Tentang adanya nama korban kliennya yang sama dengan nama korban Robot Gedek, Rangga mengakui hal tersebut. Akan tetapi, bukan berarti korbannya sama. Korban bernama Rio, misalnya,

”Rio yang menjadi korban Babeh itu dibunuh pada 14 Januari 2008, Jadi, tidak mungkin sama dengan anak yang menjadi korban Robot Gedek,” ujar Rangga.

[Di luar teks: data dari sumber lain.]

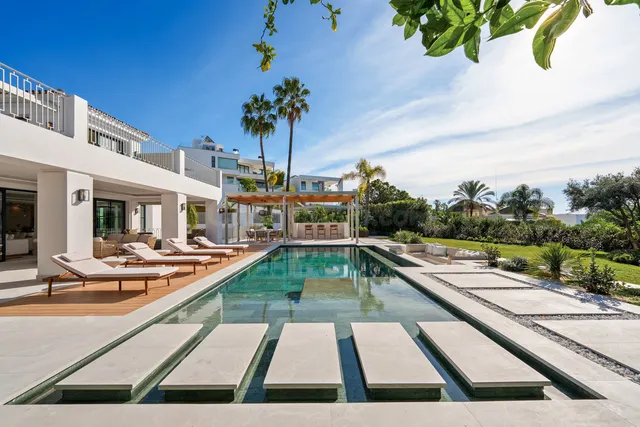 Chalet 5 habitaciones 483m² en venta - Costa Del Sol — 2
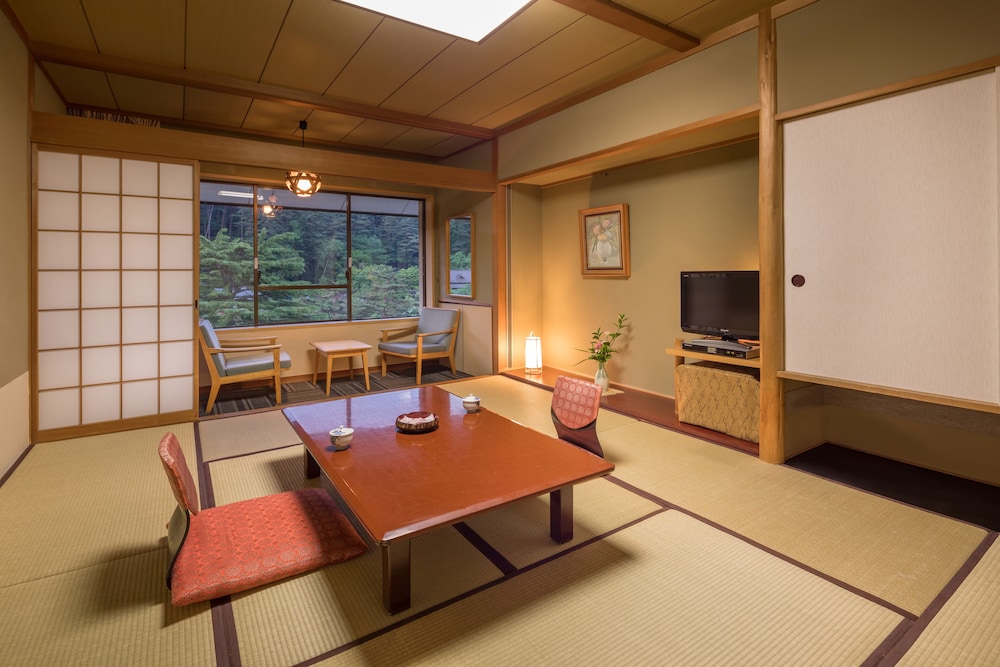 HANAMAKI ONSEN HOTEL KOYOKAN 35/45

Secara terpisah, Kepala Bidang Humas Polda Metro Jaya Komisaris Besar Boy Rafli Amar mengatakan, penyidik belum memeriksa kaitan kasus Babeh dengan kasus Robot Gedek.

”Sampai sekarang, penyidik masih fokus pada kasus mutilasi yang diduga dilakukan Babeh,” ucapnya.

Berdasarkan penelusuran data dari vonis Pengadilan Negeri Jakarta Pusat tahun 2007, Robot Gedek dihadapkan ke pengadilan dan menerima vonis mati dari majelis hakim yang diketuai Sartono pada 20 Mei 1997.

Dalam sidang, Babeh mengaku sebagai pedagang baju bekas di Pasar Jiung, Kemayoran, Jakarta Pusat. Babeh pernah mengikuti Robot yang pergi bersama bocah bernama Wisnu Ibnu Pranoto ke bekas Bandara Kemayoran sekitar pukul 01.00.

Dari kejauhan, Babeh melihat semak-semak bergoyang. Saat mendekati semak, Babeh menyaksikan Robot Gedek tengah memotong pergelangan tangan dan pangkal kaki korban.

Babeh juga mengaku pernah bertukar cerita dengan Robot Gedek soal kebiasaannya menyodomi anak-anak. Babeh mengikuti Robot Gedek lantaran dia iri melihat terdakwa membawa anak laki-laki berusia sekitar 13 tahun.

Sampai Senin lalu, jumlah korban yang dibunuh Babeh sudah 14 anak laki-laki. Mereka adalah Adi, Rio, Arif Abdullah alias Arif ”Kecil”, Ardiansyah, Teguh, Irwan Imran, Aris, Riki, Yusuf Maulana, Feri, Doli, Adit dan Kiki. Rata-rata usia mereka 10-12 tahun, kecuali Arif yang masih berusia tujuh tahun.

Polisi, psikolog, pendidik, dan kriminolog menilai kasus Babeh sangat fenomenal.